Mogłabym tu zacytować "Ona chciała tylko być przy Nim, ale ten Naćpany Kretyny nigdy tego nie rozkminił", ale czasem nasze życie nie jest takie jakbyśmy chcieli, sprawdza nas czy aby prawdziwie kochamy, czy aby na pewno dażymy TYCH ludzi miłością. W moim wypadku: tak, dażę, przeogromną. Nie kochaj mnie, ja Ciebie zawsze. Jedyną radością teraz jest, że kocham i mam dowód, ze prawdziwie - pozwalam Drugiej osobie odejść. To prawdziwy dowód prawdziwej miłości.

3909 wyświetleń
102 teksty
4 obserwujących
  • Albert Jarus

    17 October 2012, 20:40

    Mi tam się nie chce bardzo rozwodzić, ale... przebrnęły mi myśli jak u Sheldonki (siemka ;)), ale dodam coś całkiem innego.
    Po jeden, jeśli to coś z autopsji, to zachowaj tekst, zrozumiesz go za kilka miesięcy, no kilkanaście to już luz.
    Po dwa, jeśli ktoś się zawaha, to nie kocha i nie ma co na siłę trzymać. Miłość nie ma wątpliwości, nie w takim stadium.
    Po trzy, ćwicz, ćwicz, ćwicz... A będziesz wielka, pozdr.

  • Nina K

    17 October 2012, 17:53

    Nie wierzę w prawdziwą miłość, po prostu wyolbrzymienie niektórych rzeczy nadaje lepszą formę, niekoniecznie w dobrym znaczeniu - przynajmniej nie jest "nijaka" :)
    wiek, to wiek, swoją drogą na pewno XX w. A przecież zanim będziemy mądrzy i starzy to musimy być głupi i młodzi :)

  • ~ Ariadna ~

    17 October 2012, 16:59

    A mnie się podobało, szkoda tylko, że ta dziewczyna zdążyła się zakochać w tym chłopaku. Pozdrawiam :)

  • Sheldonia

    17 October 2012, 14:50

    Czytałaś to? Widzisz jak to jest napisane?

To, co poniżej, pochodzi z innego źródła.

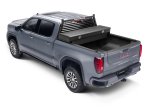 BackRack 19-23 Silverado/Sierra (New Body) 1500 Louvered Rack Frame Only Requires Hardware thumbnail 6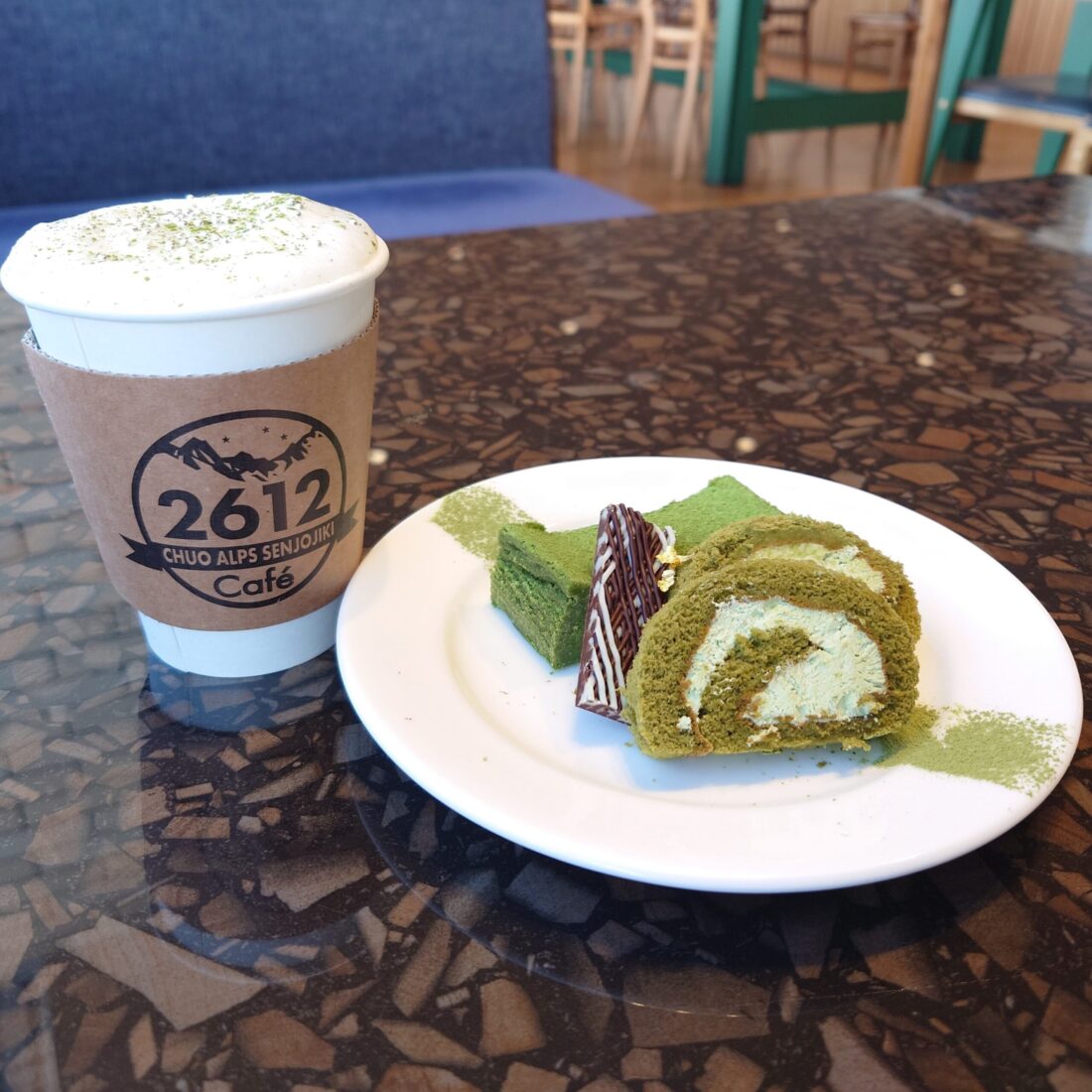 春の新メニュー登場！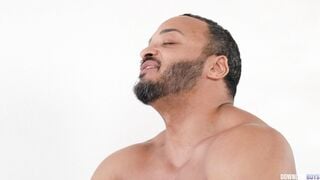 DownlowBoys - Dillon Diaz Sherman Maus - Passionate Fuck Session In The Bath - Gay Porn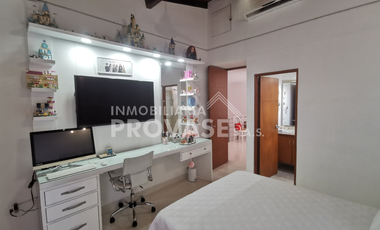 VENTA de CASAS en LOS PATIOS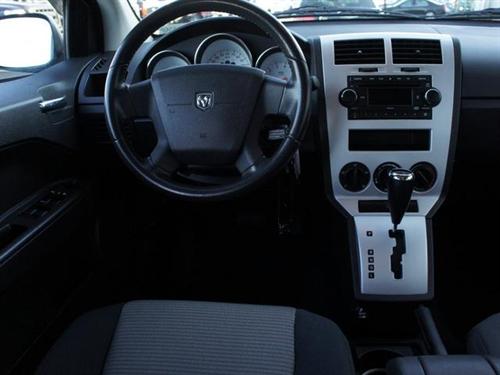 Dodge Caliber S Other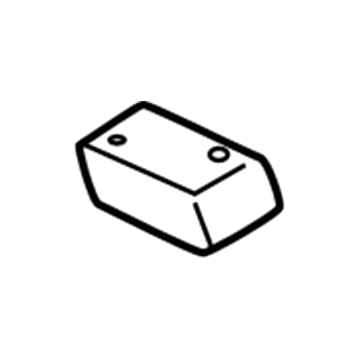 Volkswagen 1H0-199-322-H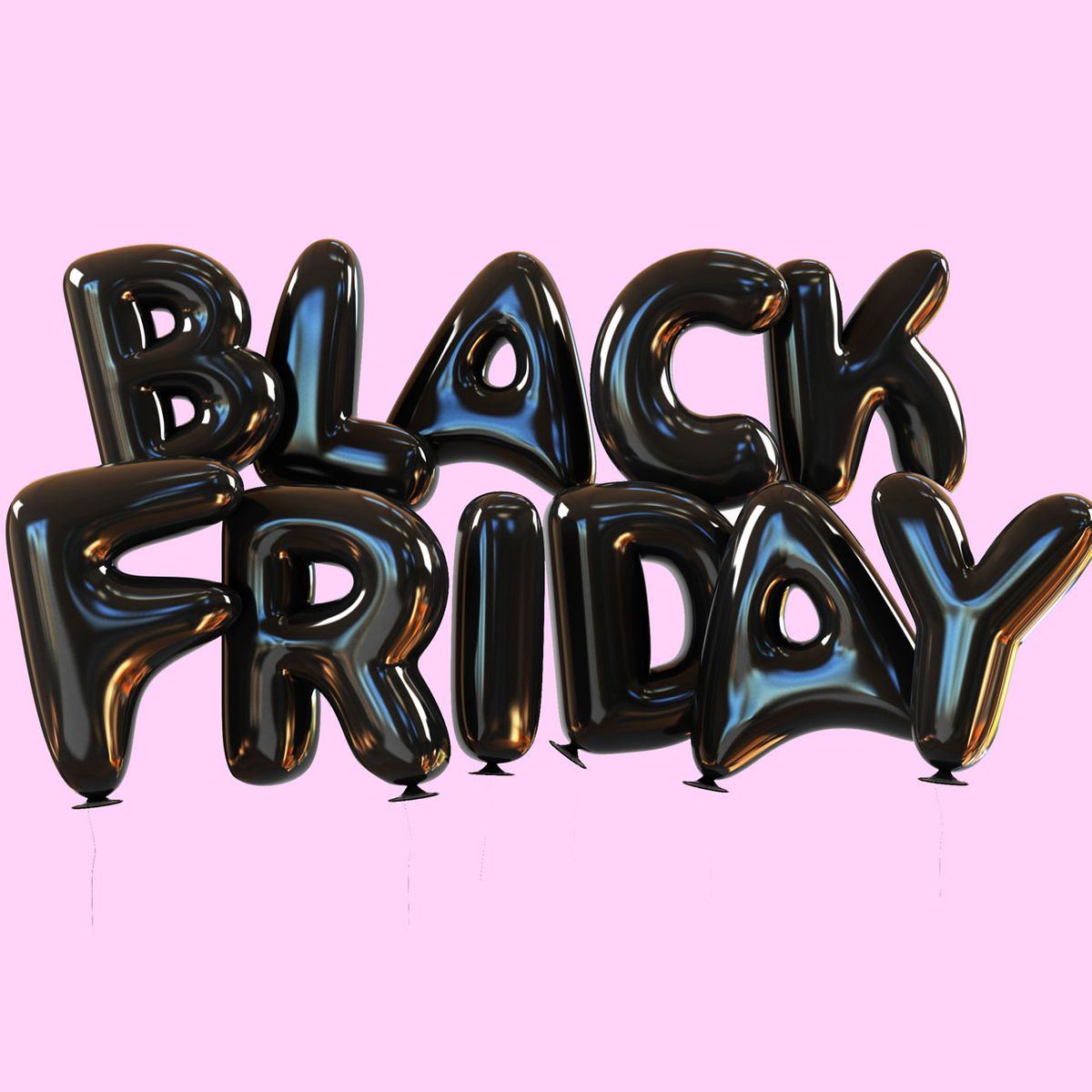 Black Friday 2019: Deals & Angebote bis zum Umfallen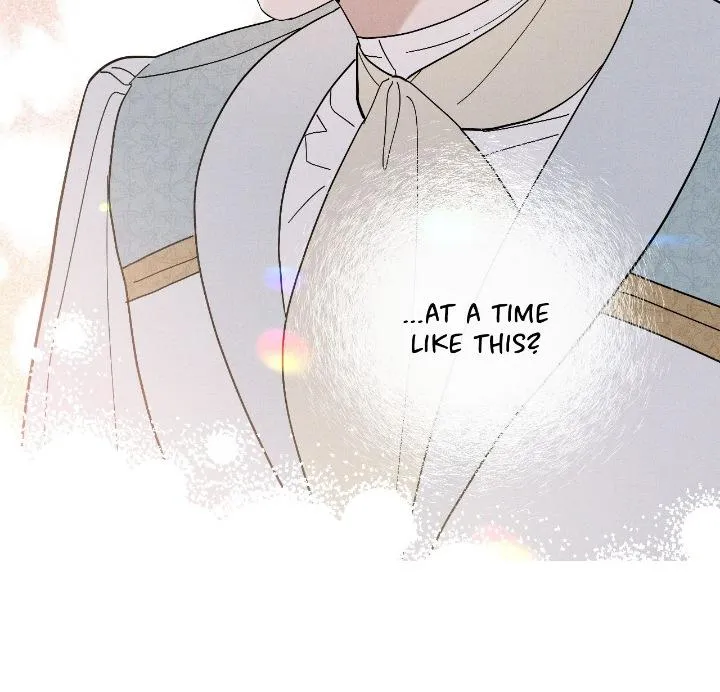 The Rogue Prince Is Secretly an Omega Chapter 5 page 35 - 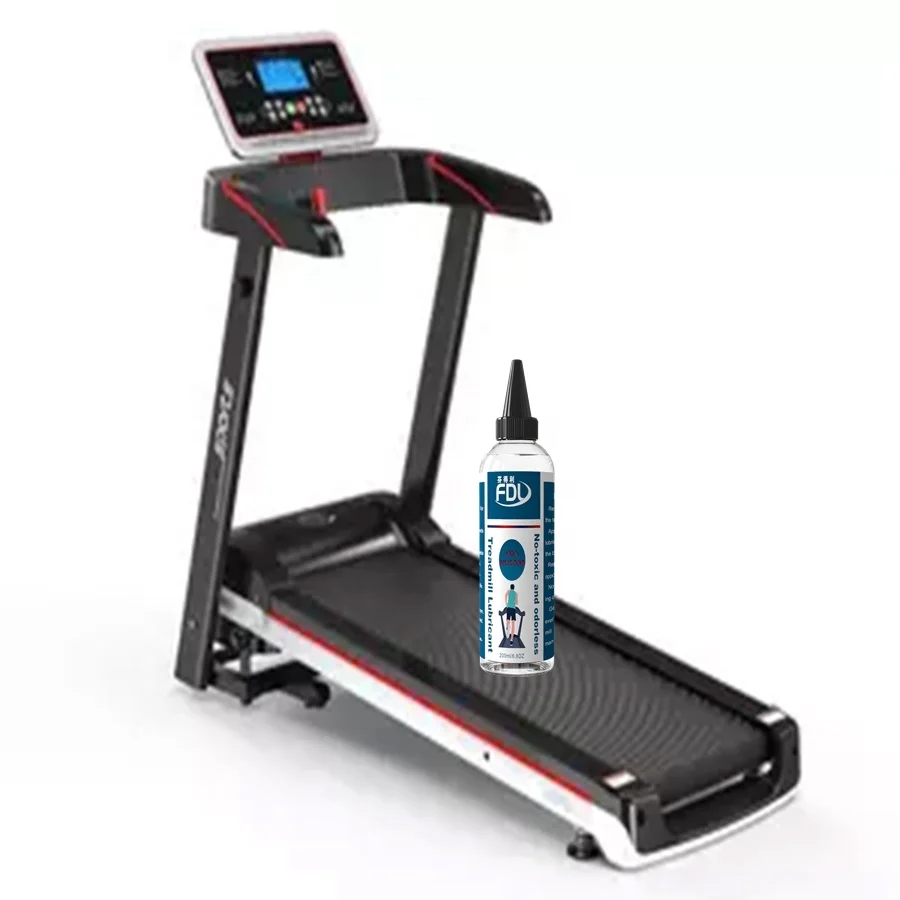 treadmill oil treadmill belt oil fitness equipment oil /treadmill accessories/spray silicone oil
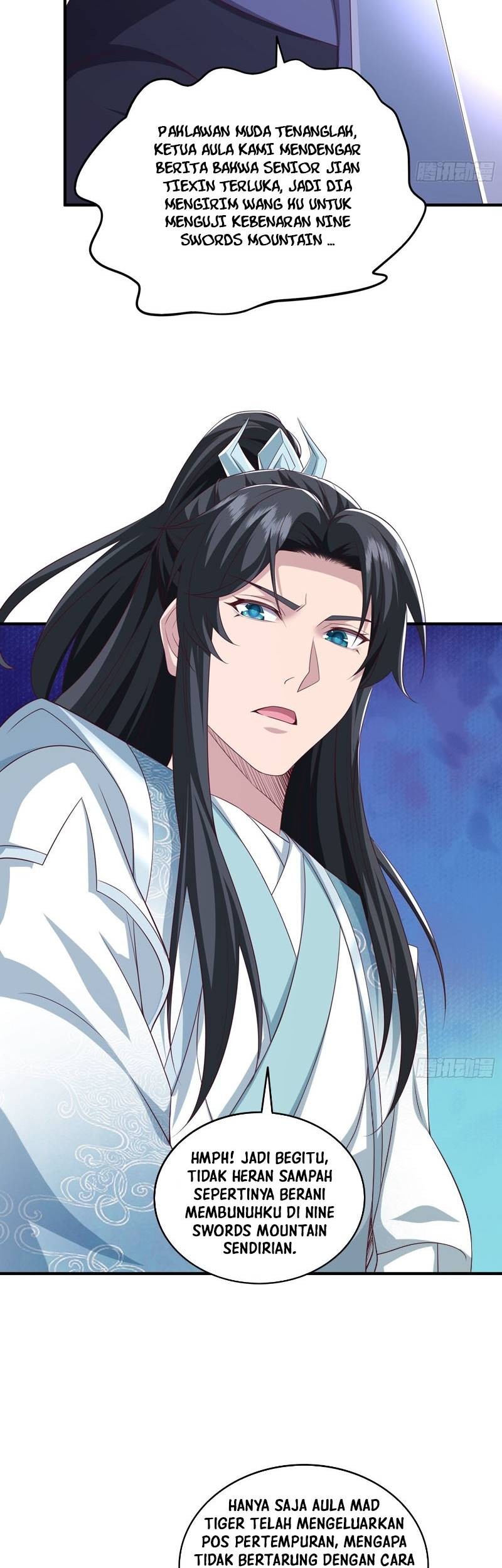 I Rely On Rewarding Apprentices To Upgrade Chapter 02 Gambar 20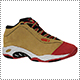 AND1 Taichi Mid "Year of the Horse"�@�E�B�[�g/��/��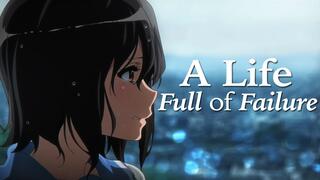 A Life Full of Failure - Hibike Euphonium Movie: Finale Oath (Minor Spoilers)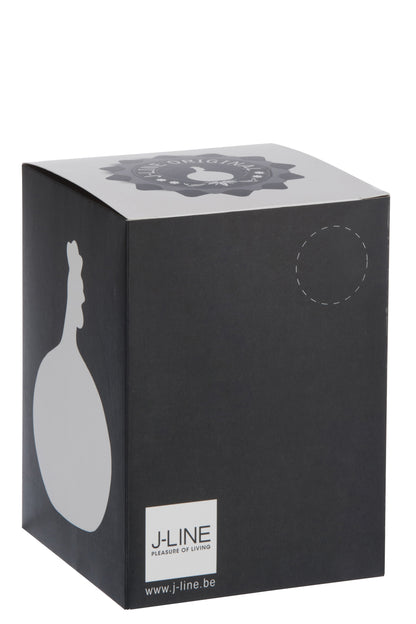 Kip Teksten Schoolborden Keramiek Wit Zwart Groot Assortiment Van 4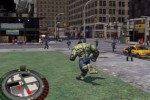 The Incredible Hulk (PlayStation 3)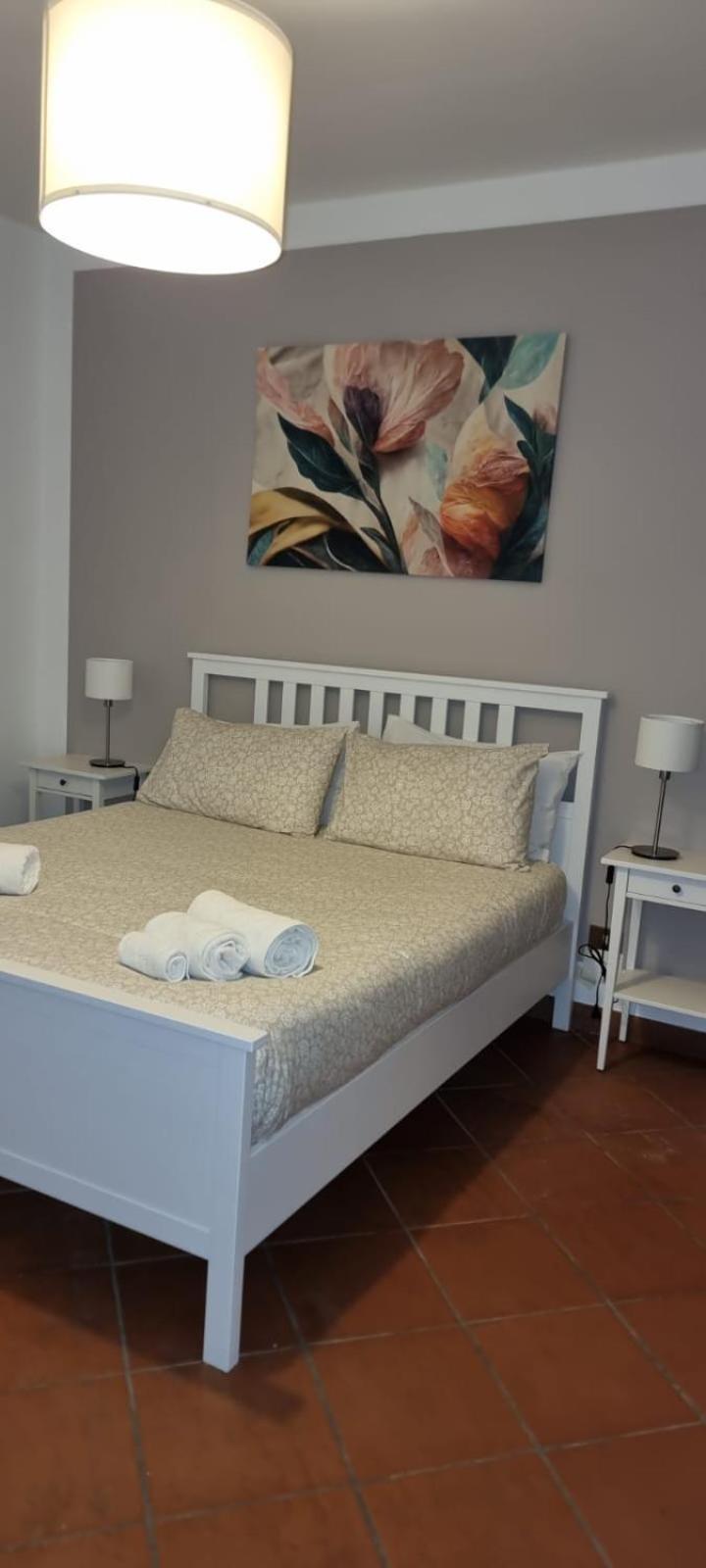 B&B Santa Maria Forino Dış mekan fotoğraf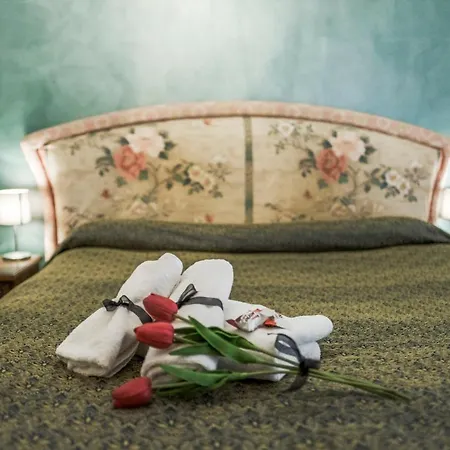 Spartacus Bed & Breakfast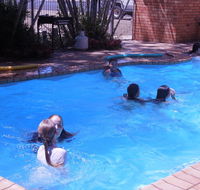 Moore Park Beach Motel - Accommodation Fremantle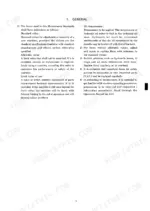 kobelco-sk220-sk220lc-hydraulic-excavator-shop-manual-s5lq0005e-maintenance-30.webp Kobelco SK220, SK220LC maintenance standards definitions for standard, allowable, and limit values for hydraulic components.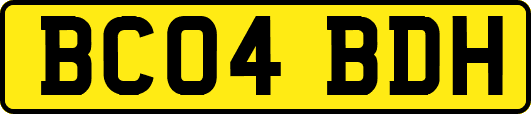 BC04BDH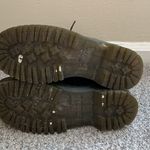 Union bay Platform Black Boots Photo 2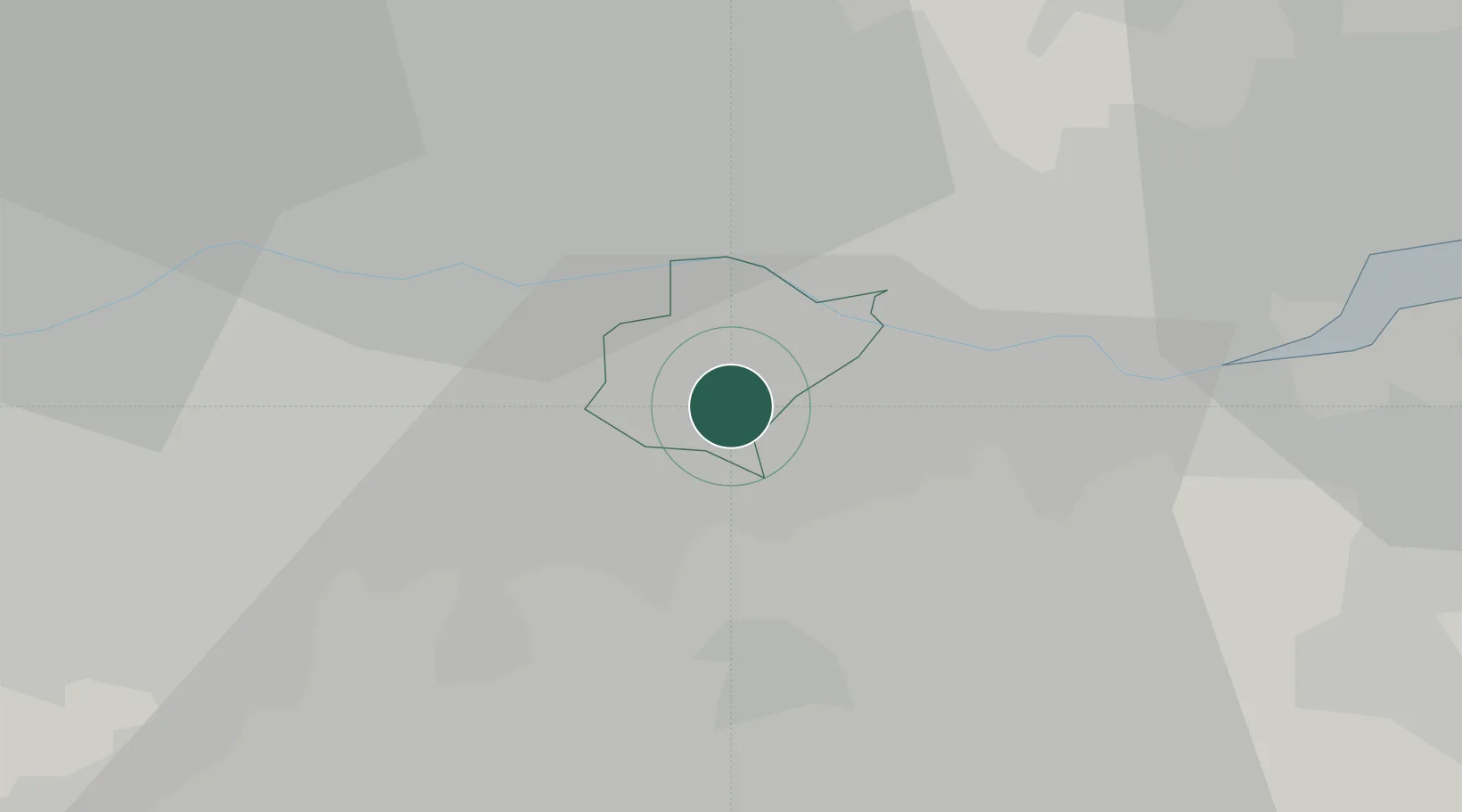 Location of GBBEX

Bo mam pewne wątpliwości...
    Tak na marginesie nie rozumiem dlaczego fakt, że pozwoliło się komuś odejść jest dowodem prawdziwej miłości... Nie chcę Cię pozbawiać tych złudzeń, i nie wiem czym prawdziwa miłość jest, ale na pewno nie jest nią to co tutaj próbujesz opisać.
    Chciałabym jeszcze zapytać ile masz lat, ale nie wiem czy wypada...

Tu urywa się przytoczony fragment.